Question

Differentiate between free and forced vibrations.

Answer 1

Hint: We can oscillate a body in two ways, by providing an initial displacement and leaving it to oscillate by itself. Another way is to constantly apply an external force to maintain the oscillations.

Complete step by step answer:
We know that vibration occurs when an external force or displacement is applied on a body. After the application of force or displacement, if the body is set to vibrate freely with its frequency obtained from the initial displacement called the natural frequency, then the vibrations executed are known as the free vibrations. For example, consider a spring of spring constant k, which is displaced along the x-axis by a quantity x and is allowed to vibrate freely. The equation of motion of this vibration can be written as,

$F=-kx$

The minus sign indicates that the force is acting opposite to the direction of displacement.

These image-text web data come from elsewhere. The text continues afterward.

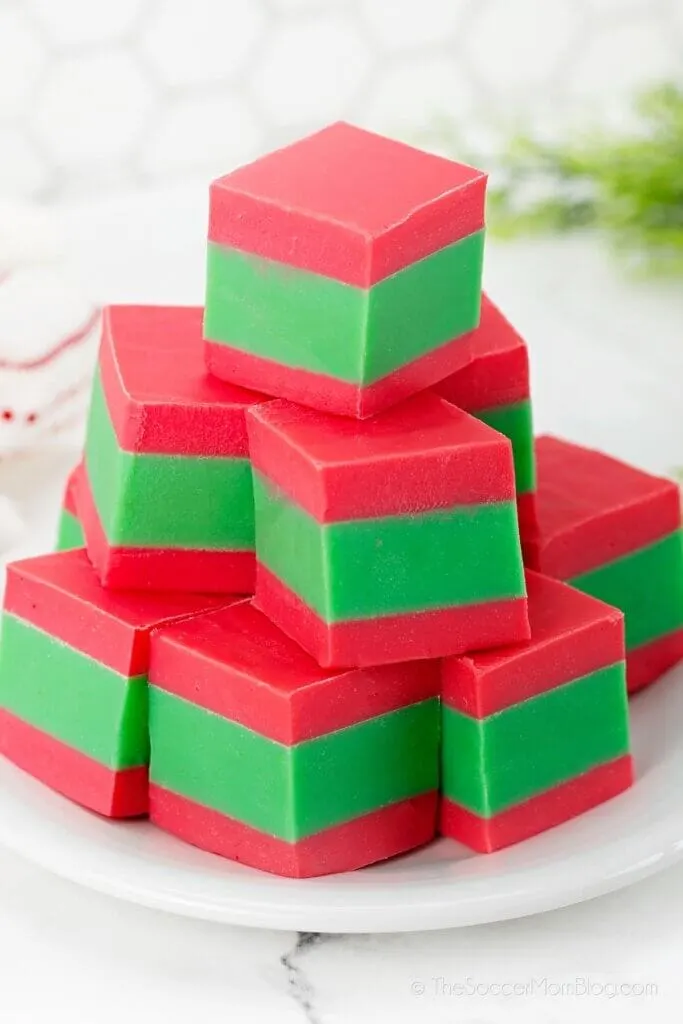 A stack of red and green layered fudge squares, crafted from cherished homemade fudge recipes, rests invitingly on a white plate.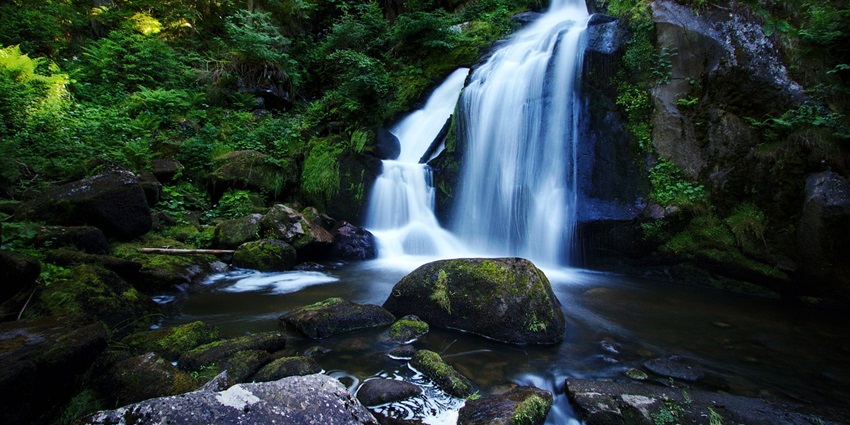 An image of a waterfall that resembles Triberg Waterfalls, a famous attraction in Germany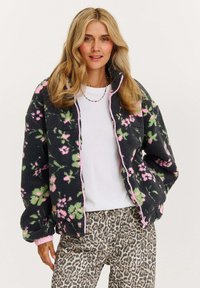 Mikina na zip z flísu s čiernym pozad�ím a ružovo-zeleným kvetinovým vzorom. Má rebrované manžety a golier, v kombinácii s nohavicami v leopardom vzore.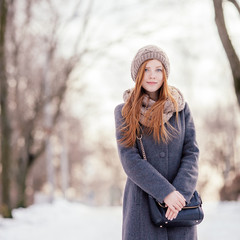 Beautiful redhead woman in grey coat strolling in winter park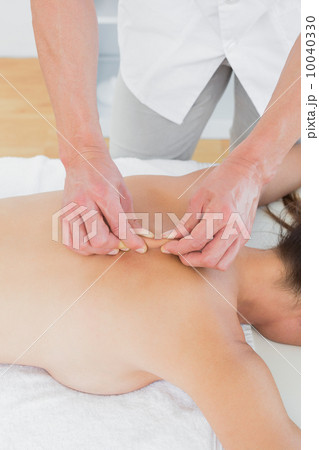 Male physiotherapist massaging woman's back 10040330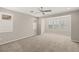 Spacious bedroom featuring a ceiling fan, neutral carpeting, and multiple windows with bright natural light at 2153 Havensight Ln, Henderson, NV 89052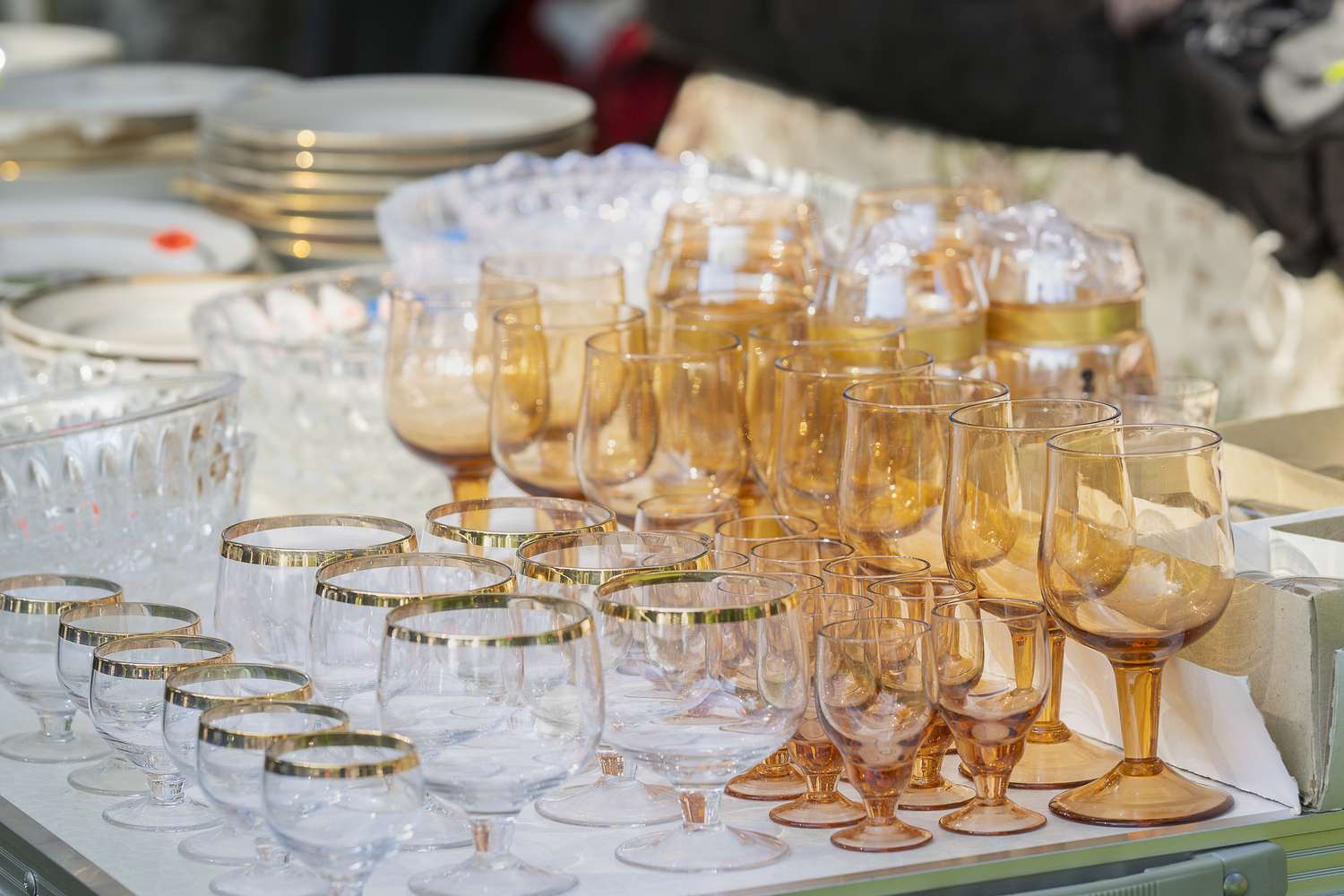 A display of assorted glassware including glasses and bowls arranged on a surface at a market setting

So, when a time-varying external force is acting on a body, suppose a spring of spring constant k, having a resistance ‘r’ which is executing vibrations, then the body is said to be executing forced vibrations. The disturbance can be a periodic and steady-state input, a transient input, or a random input. The periodic input can be a harmonic or a non-harmonic disturbance. When the external force frequency is equal to the natural frequency of vibrations, resonance occurs, and the amplitude of vibrations will be high.

The equation of a periodic external force acting on a body of stiffness k and having a resistance ‘r’ executing forced vibrations along the x-axis is given by,

$m\left( \dfrac{{{d}^{2}}x}{d{{t}^{2}}} \right)+r\left( \dfrac{dx}{dt} \right)+kx={{F}_{0}}\sin \left( \omega t \right)$

Where

${{F}_{0}}$ is the amplitude of the external periodic force.
$\omega $ is the angular frequency of the external periodic force.
$x$ is the displacement of the body from its mean position.
$\dfrac{dx}{dt}$ is the velocity of the body.
$\dfrac{{{d}^{2}}x}{d{{t}^{2}}}$ is the acceleration of the body.

Also, note that the resistance in regular oscillatory motion and forced oscillatory motion is proportional to the velocity of the body.

The main difference between the free and forced vibrations is that in the case of free oscillation there is no external force acting on the body executing harmonic motion, while in the case of forced harmonic motion there is an external force acting on the body.

Another difference is that the body when executing a free oscillation oscillate with its own natural oscillation. For a body executing forced vibrations, the frequency of the oscillation is the frequency of the external force acting on the body.

The amplitude of a body executing free oscillation reduces due to damping, while the amplitude of a forced oscillation does not reduce with time.

Note: When the energy of a vibrating system is gradually dissipated by friction and other resistances, the vibrations are said to be damped. The vibrations gradually reduce or change in frequency or intensity or cease, and the system rests in its equilibrium position.
Types of damped oscillations are underdamped, critically damped and overdamped vibrations.